Hoy esas historias lastimadas se ponen de relieve en los juicios que se llevan adelante por delitos de lesa humanidad. Y también el compromiso generoso de quienes abrazaron un proyecto emancipatorio. Allí otra vez lo peor y lo mejor de la condición humana salen a la luz. En un acto de justicia.

Escuchamos a las Madres en las audiencias, decir una y otra vez que no quieren venganza, quieren justicia, mientras intentan describir con palabras ese agujero irreparable, ese dolor infinito que la desaparición dejó para siempre en ellas.

Frente a la desaparición forzada esa respuesta ética sin precedentes expresada por los organismos de derechos humanos, que lucharon denodadamente por Memoria, Verdad y Justicia, fue interpretada cabalmente por un gobierno que hizo de ese reclamo histórico una política de Estado. También sin precedentes.

Entonces la Argentina ya no fue sólo tristemente célebre por la desaparición. Fue célebre también por esos pañuelos blancos que dieron la vuelta al mundo como expresión de dignidad, y por haber juzgado esos delitos aberrantes de modo ejemplar, contrarrestando la impunidad y acotando ese goce oscuro de quienes, presuponiéndose impunes, estaban dispuestos a hacer una y otra vez lo mismo.

Ya no es igual este país. Incluso para los que pretenden dar marcha atrás y desandar los años de justicia. Ya no es lo mismo. Es un país más justo incluso para ellos. Esa es la paradoja. Por eso hoy escuchamos que “los juicios forman parte del contrato social de los argentinos”, y eso implica un legado simbólico, histórico, cultural.

Este 8 de diciembre se van a conmemorar los diez años de la identificación de los restos de tres madres fundadoras de Madres de Plaza de Mayo, una religiosa francesa y una militante de derechos humanos. Sus cuerpos aparecieron a fines del año 1977 en la Costa Atlántica. Habían sido detenidas-desaparecidas en un operativo conocido como el secuestro de los doce de la Santa Cruz.

Sus huesos presentaban múltiples lesiones que daban cuenta de la causa de la muerte por el impacto de la caída de altura al mar. Se pudo probar en los juicios el circuito del horror, había testigos de su secuestro, de su cautiverio en la ESMA y luego el estado de sus restos se constituía en prueba de la “solución final” de la que se jactaban los represores: “los vuelos de la muerte”, mediante los cuales arrojaban con vida al mar, desde aviones, a los detenidos-desaparecidos.
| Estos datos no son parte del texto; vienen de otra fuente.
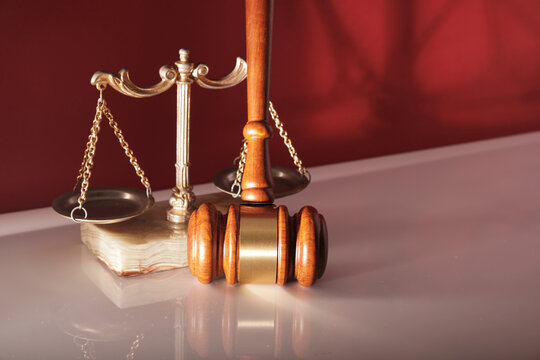 gavel hammer and libra scale against red background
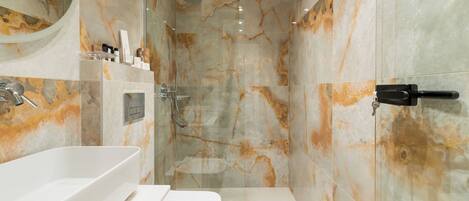 A modern bathroom with a large white sink, a glass shower enclosure, and marble walls.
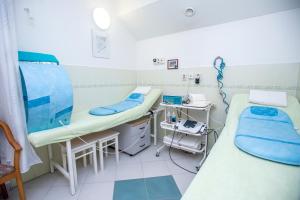 Ένα ή περισσότερα κρεβάτια σε δωμάτιο στο Hotel Sanatorium Mariot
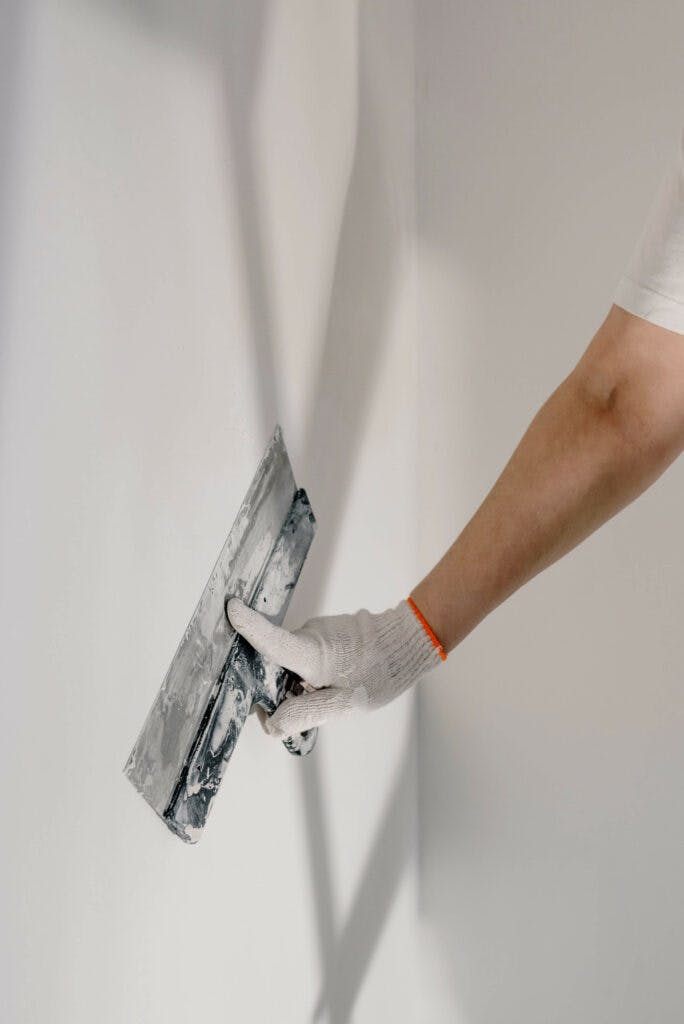 Gloved hand smoothing out wall paste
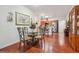 Elegant dining area with hardwood floors adjacent to a modern kitchen, perfect for entertaining at , Buford, GA 30518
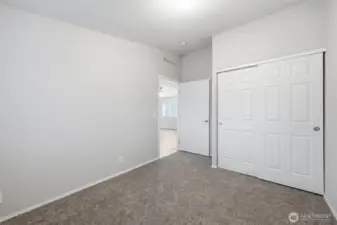 One of two secondary bedrooms off main living area.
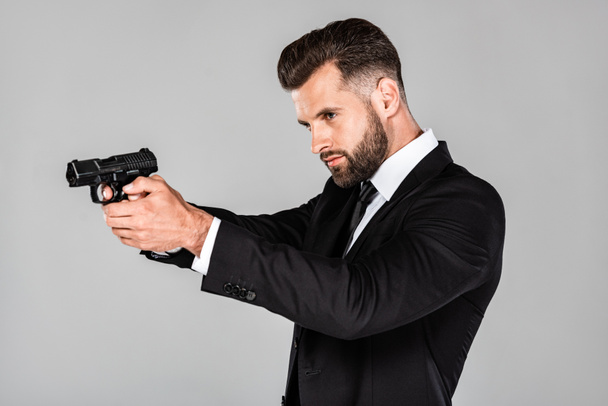 handsome agent in black suit aiming gun isolated on grey - Photo, Image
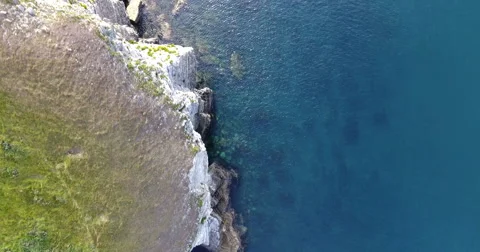 Aerial view looking down onto cliffs Stock Footage
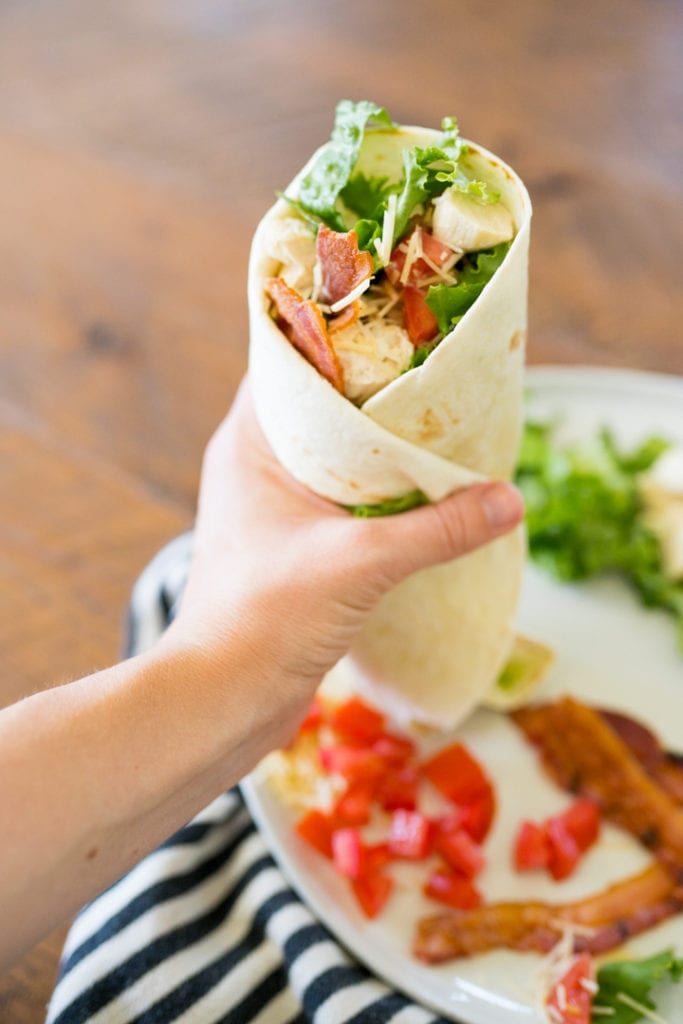 chicken wrap, a hand holding the chicken wrap before eating.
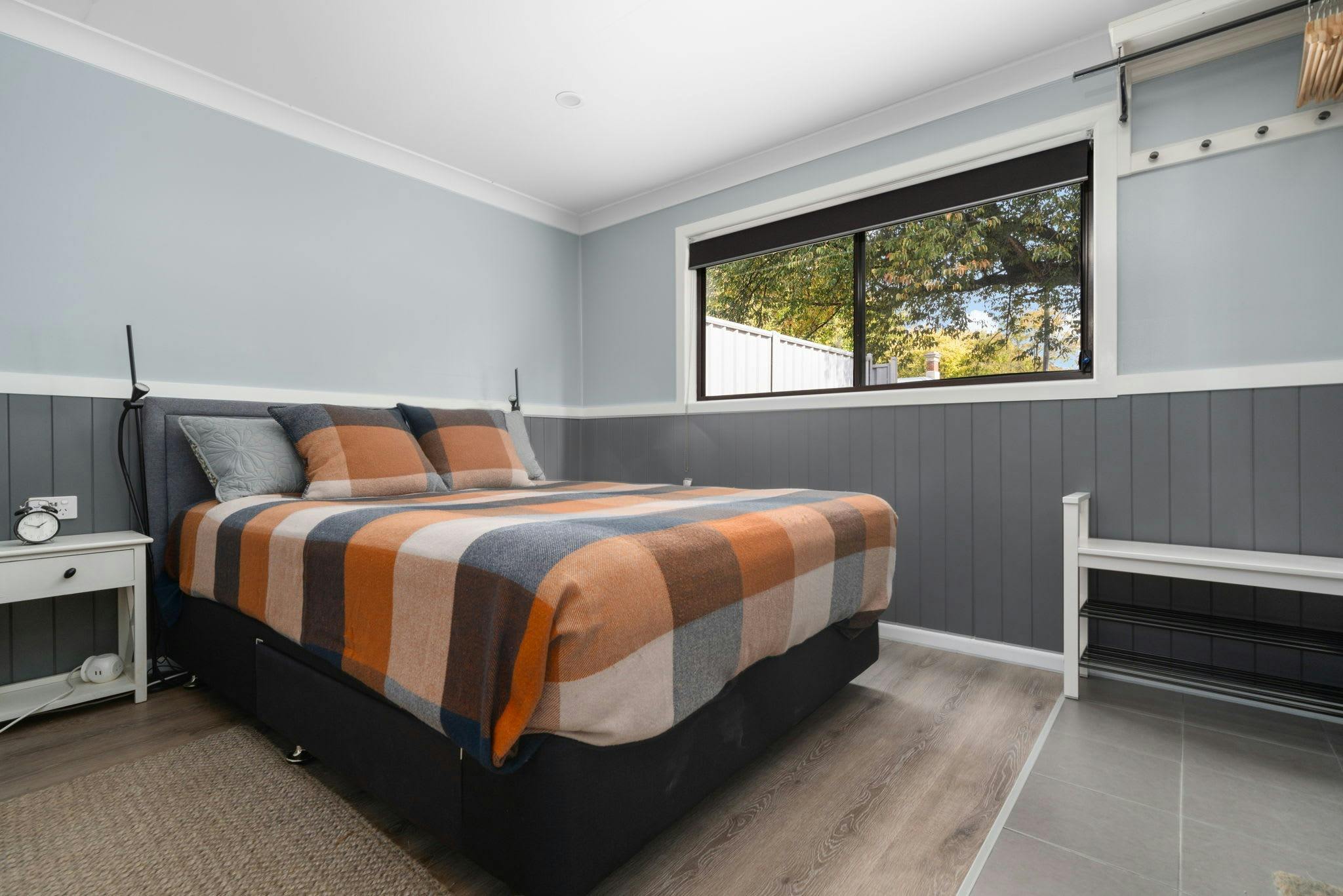 Queen bed at Bentick Studio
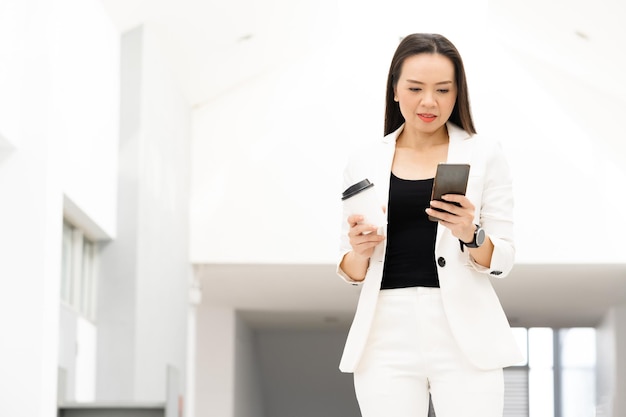 Portret odnoszącej sukcesy azjatyckiej bizneswoman w średnim wieku trzymającej smartfon i kawę uśmiechającą się do kamery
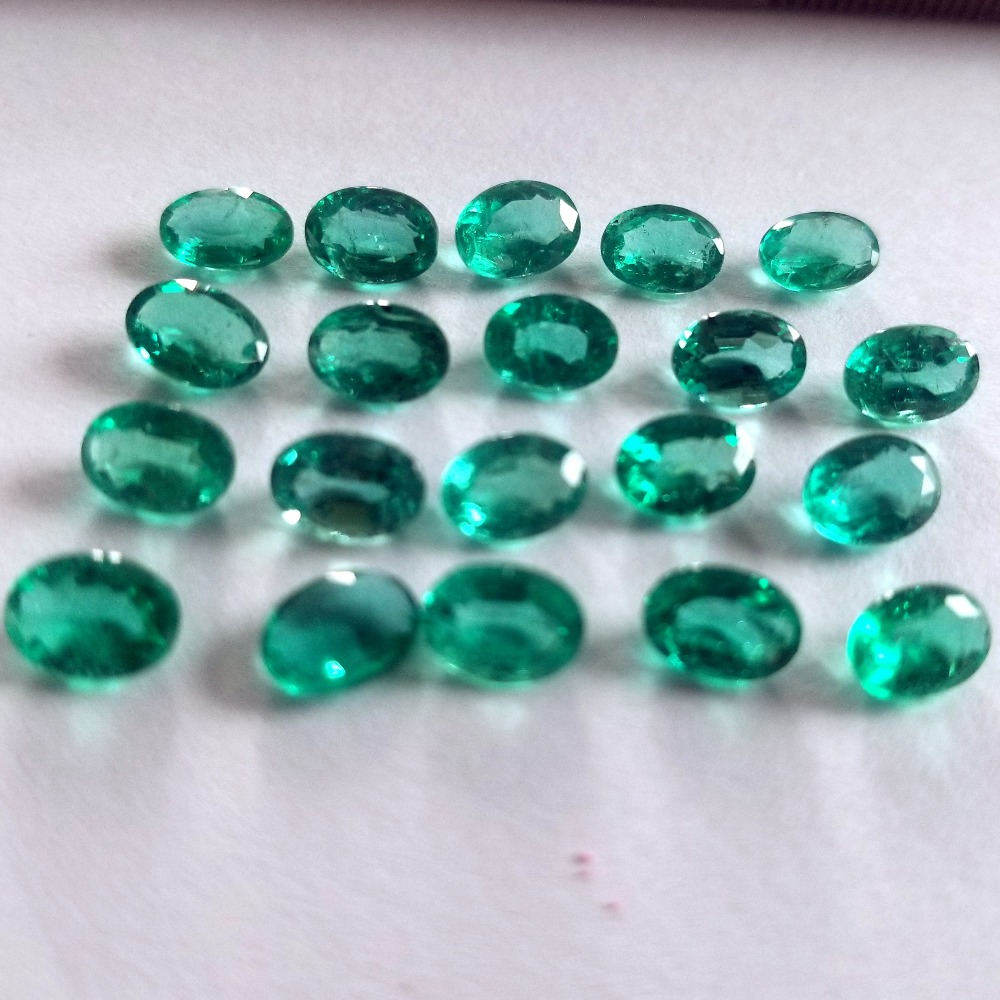 13.95ct oval green emerald-panna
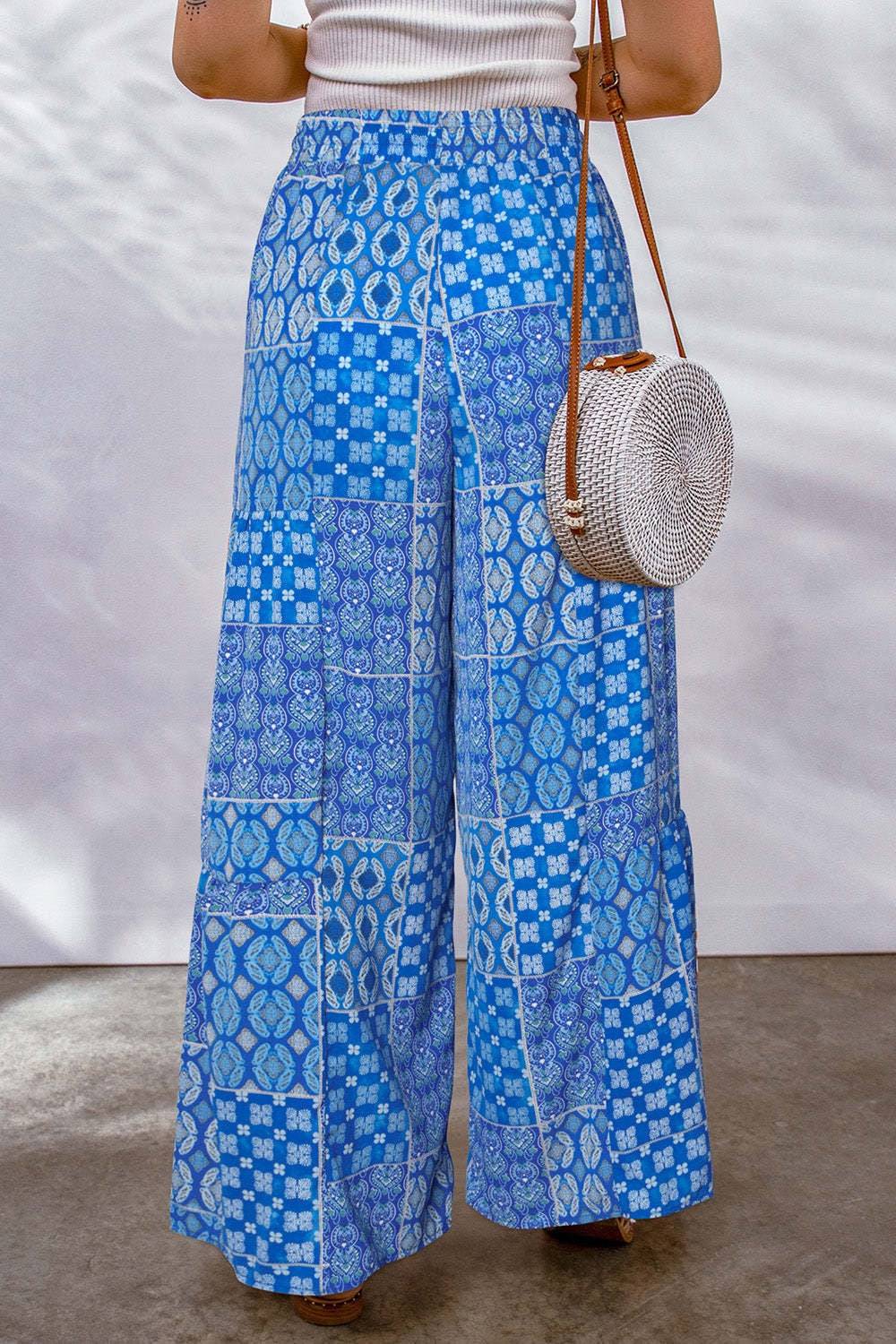 Full size blue drawstring printed wide leg pants with geometric pattern.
De todo ese circuito hubo y hay autores materiales. Esos son los que están siendo juzgados en los juicios que hoy se pretende cuestionar, algunos de los cuales ya han sido condenados y están en prisión. Porque son culpables de esos crímenes aberrantes, inalienables e imprescriptibles, de genocidio. Y susceptibles de ser juzgados en cualquier parte del mundo en el que tengan lugar, porque así lo ampara la jurisprudencia internacional. Son esos torturadores, esos criminales, los que hoy están sentados en el banquillo de los acusados. Son los pilotos que arrojaban a los desaparecidos con vida desde los aviones, son los que les ponían las inyecciones antes de subirlos a los vuelos, son los que se apropiaron de los bebés. Porque en la Argentina del terrorismo de Estado secuestraron a una generación comprometida con la realidad de su tiempo, se apropiaron de sus hijos y desaparecieron a quienes los buscaban. Son culpables aunque no hayan asumido nunca la responsabilidad. La pretendida reconciliación de los argentinos no es sobre una historia de crímenes y pérdidas que no tiene reparación posible. Lo susceptible de reparar tiene que ver con la justicia.

Sí, esta Argentina es una Argentina distinta, en donde el crimen se denunció con Verdad, se condenó con Justicia y se seguirá sosteniendo con Memoria.

* Psicoanalista. Docente en la UBA. Ex detenida-desaparecida, testigo en los juicios.